Chapter :- Arithmetic Progression.​

Answer 1

Answer:

let A = fast term of the AP

and

let d= common difference of the AP

Now A=a+(p-1).d......(1)

B=A+(q-1).d......(2)

C=A+(r-1).d......(3)

Subtracting 2nd from 1st,3rd from 2ndand 1st from 3rd

we get

A-b=(p-q).d......(4)

b-c=(q-r).d........(5)

C-A=(r-p).d......(6)

multiply 4,5,6 by c,a, b respectively we have

C.(a-b)=c.(p-q).d.....(4).

a.(b-c)=a.(q-r).d.......(5)

b.(c-a)=b.(r-p).d.......(6)

A(q-r).d+b(r-p).d+c(p-q).d=0(a(q-r+b(r-p)+c(p-q).d=0

Now since d is common difference it should be non zero

.Hence,

a(q-r)+b(r-p)+c(p-q)=0

(Ans)

Answer 2

Required Answer:-

Given:

• pth, qth and rth terms of an A.P. are l, m and n.

To prove:

• l(q-r) + m(r-p) + n(p-q) = 0

Proof:

We know that,

★ nth term of A.P. = a + (n - 1)d

So,

➡ l = a + (p - 1)d ...... (i)

➡ m = a + (q - 1)d ..... (ii)

➡ n = a + (r - 1)d ...... (iii)

So, Taking LHS,

l(q - r) + m(r - p) + n(p - q)

= (a + (p - 1)d)(q - r) + (a + (q - 1)d)(r - p) + (a + (r - 1)d)(p - q)
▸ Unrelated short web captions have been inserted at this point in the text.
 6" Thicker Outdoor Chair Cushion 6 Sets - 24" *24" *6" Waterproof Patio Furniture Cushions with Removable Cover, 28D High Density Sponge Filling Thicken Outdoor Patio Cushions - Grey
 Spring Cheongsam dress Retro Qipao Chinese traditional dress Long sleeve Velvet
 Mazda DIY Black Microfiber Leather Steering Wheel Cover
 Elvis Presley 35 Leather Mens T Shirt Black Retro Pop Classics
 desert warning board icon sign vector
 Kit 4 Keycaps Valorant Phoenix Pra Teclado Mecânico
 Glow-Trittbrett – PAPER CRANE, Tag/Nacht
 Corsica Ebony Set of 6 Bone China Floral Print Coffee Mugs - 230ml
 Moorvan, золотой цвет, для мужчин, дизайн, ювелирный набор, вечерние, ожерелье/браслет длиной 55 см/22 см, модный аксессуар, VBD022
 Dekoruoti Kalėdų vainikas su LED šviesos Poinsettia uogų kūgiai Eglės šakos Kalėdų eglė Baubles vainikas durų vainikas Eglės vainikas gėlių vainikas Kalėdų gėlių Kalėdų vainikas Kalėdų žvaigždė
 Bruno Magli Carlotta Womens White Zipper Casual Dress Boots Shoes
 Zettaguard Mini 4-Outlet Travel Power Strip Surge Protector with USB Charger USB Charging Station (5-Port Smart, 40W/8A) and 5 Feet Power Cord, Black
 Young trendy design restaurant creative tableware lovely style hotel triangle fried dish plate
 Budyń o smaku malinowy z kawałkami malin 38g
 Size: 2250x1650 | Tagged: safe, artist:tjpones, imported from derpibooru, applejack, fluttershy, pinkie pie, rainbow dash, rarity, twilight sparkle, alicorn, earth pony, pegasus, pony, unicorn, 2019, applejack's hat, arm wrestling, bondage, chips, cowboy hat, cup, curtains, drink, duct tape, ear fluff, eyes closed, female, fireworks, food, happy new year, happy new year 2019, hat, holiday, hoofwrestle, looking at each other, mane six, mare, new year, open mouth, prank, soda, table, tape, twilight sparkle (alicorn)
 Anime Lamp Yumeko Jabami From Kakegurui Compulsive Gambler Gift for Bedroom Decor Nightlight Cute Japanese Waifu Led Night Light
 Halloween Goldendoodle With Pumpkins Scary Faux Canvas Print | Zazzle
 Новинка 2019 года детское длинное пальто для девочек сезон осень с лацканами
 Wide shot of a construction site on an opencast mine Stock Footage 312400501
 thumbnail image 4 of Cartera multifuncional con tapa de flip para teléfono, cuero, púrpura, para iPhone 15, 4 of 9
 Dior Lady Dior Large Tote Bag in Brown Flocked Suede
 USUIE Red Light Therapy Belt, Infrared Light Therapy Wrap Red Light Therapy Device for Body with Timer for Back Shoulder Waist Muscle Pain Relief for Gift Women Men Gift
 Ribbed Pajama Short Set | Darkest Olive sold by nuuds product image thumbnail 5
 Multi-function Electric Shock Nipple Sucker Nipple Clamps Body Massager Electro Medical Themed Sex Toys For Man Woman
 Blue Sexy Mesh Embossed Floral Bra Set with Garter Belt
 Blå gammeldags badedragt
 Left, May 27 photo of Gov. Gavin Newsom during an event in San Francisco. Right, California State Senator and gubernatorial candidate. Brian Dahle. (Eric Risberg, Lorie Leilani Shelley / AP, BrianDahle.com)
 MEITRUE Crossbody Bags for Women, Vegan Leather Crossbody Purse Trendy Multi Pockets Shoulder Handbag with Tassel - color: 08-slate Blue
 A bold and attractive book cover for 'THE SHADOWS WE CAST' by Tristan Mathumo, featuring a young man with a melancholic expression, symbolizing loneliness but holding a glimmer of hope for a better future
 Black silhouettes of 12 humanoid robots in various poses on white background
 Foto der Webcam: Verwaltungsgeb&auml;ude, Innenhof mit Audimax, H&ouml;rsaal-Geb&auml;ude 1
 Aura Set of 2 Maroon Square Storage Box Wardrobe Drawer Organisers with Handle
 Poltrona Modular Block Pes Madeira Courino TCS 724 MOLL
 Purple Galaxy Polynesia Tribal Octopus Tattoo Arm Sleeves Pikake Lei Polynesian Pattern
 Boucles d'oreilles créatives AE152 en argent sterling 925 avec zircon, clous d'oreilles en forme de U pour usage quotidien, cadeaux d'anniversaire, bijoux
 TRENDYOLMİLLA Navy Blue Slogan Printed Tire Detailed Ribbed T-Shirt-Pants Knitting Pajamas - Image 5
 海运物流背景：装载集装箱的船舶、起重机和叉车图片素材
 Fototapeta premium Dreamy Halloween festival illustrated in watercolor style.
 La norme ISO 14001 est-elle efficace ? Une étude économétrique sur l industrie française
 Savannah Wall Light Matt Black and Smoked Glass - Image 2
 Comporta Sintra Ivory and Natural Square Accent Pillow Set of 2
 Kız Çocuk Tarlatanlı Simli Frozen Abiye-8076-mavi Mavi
= a(q - r) + d(p - 1)(q - r) + a(r - p) + d(q - 1)(r - p) + a(p - q) + d(r - 1)(p - q)

= a[q - r + r - p + p - q] + d[(p - 1)(q - r) + (q - 1)(r - p) + (r - 1)(p - q)]

= a × 0 + d[pq - pr - q + r + qr - pq - r + p + pr - rq - p + q]

= d[pq - pq + pr - pr + rq - rq + p - p + q - q + r - r]

= d[0 + 0 + 0 + 0 + 0 + 0]

= d × 0

= 0

= RHS (Hence Proved)

Learn More:

• A.P.:- Stands for Arithmetic Progression. It is a series where difference between two consecutive term is same (constant)